En ese entonces yo tenía nueve años, un sombrero rosado, unas gafas de lentes azules y patas amarillas, un overol de jean, una camisa de flores naranja y verde, y un bolso que, a juzgar por mi sentido de la moda, milagrosamente combinaba con el sombrero. Al llegar a territorio caribeño recuerdo, sobre todo, el sol en el asfalto y un deseo casi visceral de meterme al mar. Mis papás y yo íbamos unos días para Playa de Condado, en Puerto Rico. Teníamos en mente unas vacaciones junto a familias como la nuestra: niños jugando en la arena, mamás bronceándose y papás leyendo en la sombra.

Recuerdo ver cómo los siete colores del arcoíris ondeaban en aquella bandera que se pronunciaba delante del edificio blanco. Mis papás bajaban las maletas del taxi mientras yo, con absoluta inocencia, me preguntaba por qué la bandera de Colombia sería tan aburrida.

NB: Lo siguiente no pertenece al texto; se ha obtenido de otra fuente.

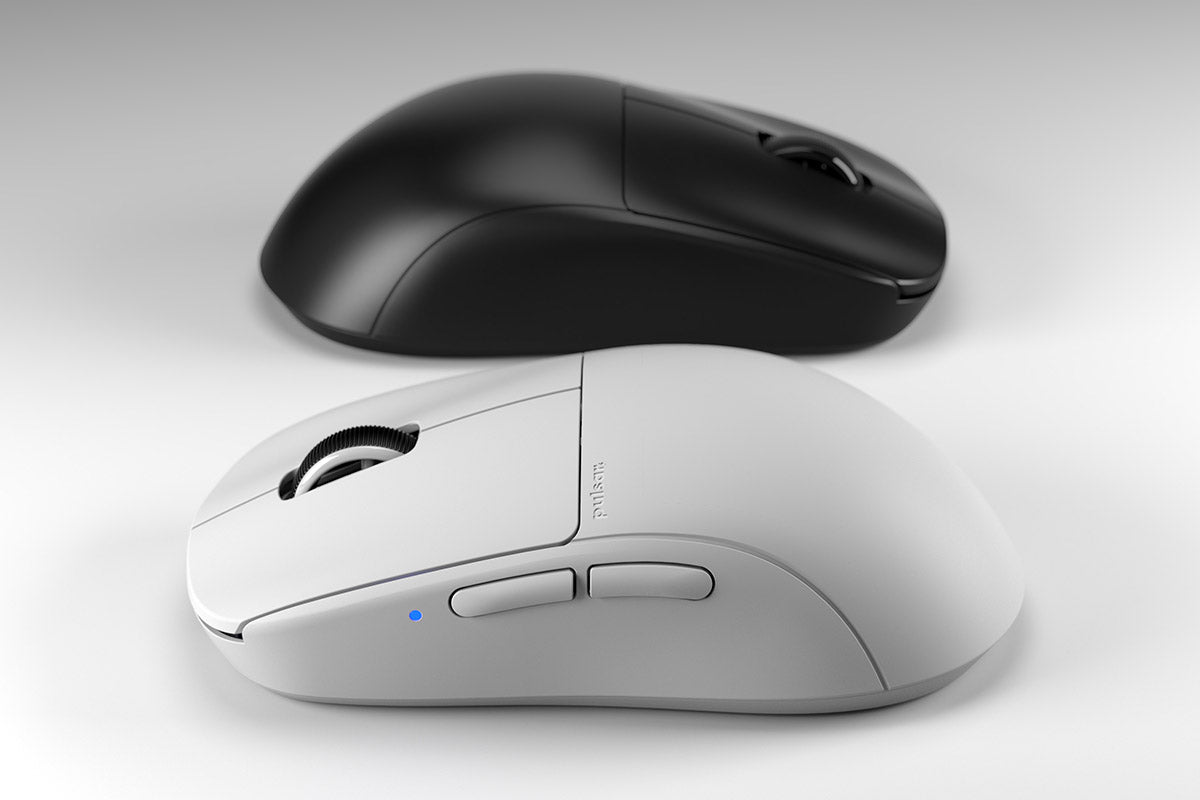 Hướng dẫn cập nhật firmware chuột Pulsar.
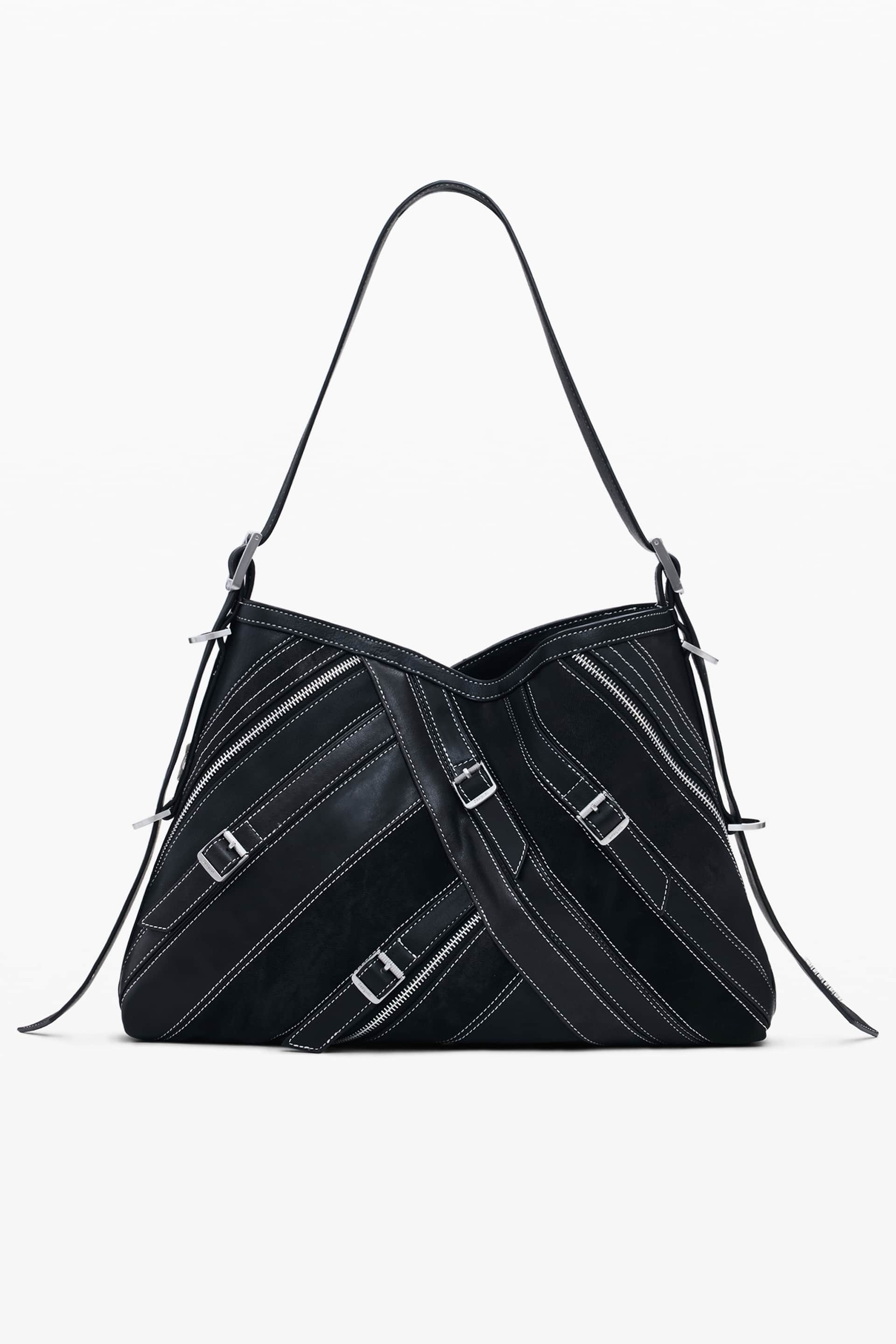 Desigual mujer negro bolso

Realmente aquel colorido no significó mucho para mis papás y para mí, sólo una cierta decepción nacional. Al subir las escaleras no vi ningún niño. Al llegar al lobby del hotel vi muy pocas mujeres. Delante de nosotros pasaban hombres con diminutos trajes de baño. Yo, más que otra cosa, envidiaba su ligereza de ropas. El calor era realmente espantoso.

Después de unos minutos en la recepción, mis papás se acercaron con la naturalidad debida:

-El señor de la recepción nos dice que es mejor que nos vayamos para otro hotel que queda cerquita porque éste es exclusivo para parejas homosexuales. Imagínate que la bandera que te gustó es la bandera gay, nos acaban de explicar.

-¿Pero en el otro también hay playa y piscina? – era lo único que a mis nueve años importaba.

-Sí, claro. De hecho, compartimos la playa con éste.

La historia podría perfectamente terminar aquí y sonar bastante insulsa. Pero nuestra relación con la predominante población homosexual no acabó con el cambio de hotel.

Por fin llegamos a la playa, donde encontraría mi recuerdo más nítido del viaje. Era alto, bronceado y fornido, y la cabeza calva contrastaba con el pecho peludo. Tenía una barba cuidadosamente contorneada y unas gafas oscuras que le ocultaban la mirada. Llevaba en la mano un trago en las rocas. Lo único que le cubría la piel –además de las gafas- era una tanga plateada. Con un ademán femenino se dio la vuelta, dejando ver en su glúteo derecho un tatuaje de una sirena. Debo confesar que, más que el beso que le dio a un viejito barrigón y más que todo ese conjunto de singularidades, mi tremenda impresión fue causada por la sirena, condenada a perseguirlo.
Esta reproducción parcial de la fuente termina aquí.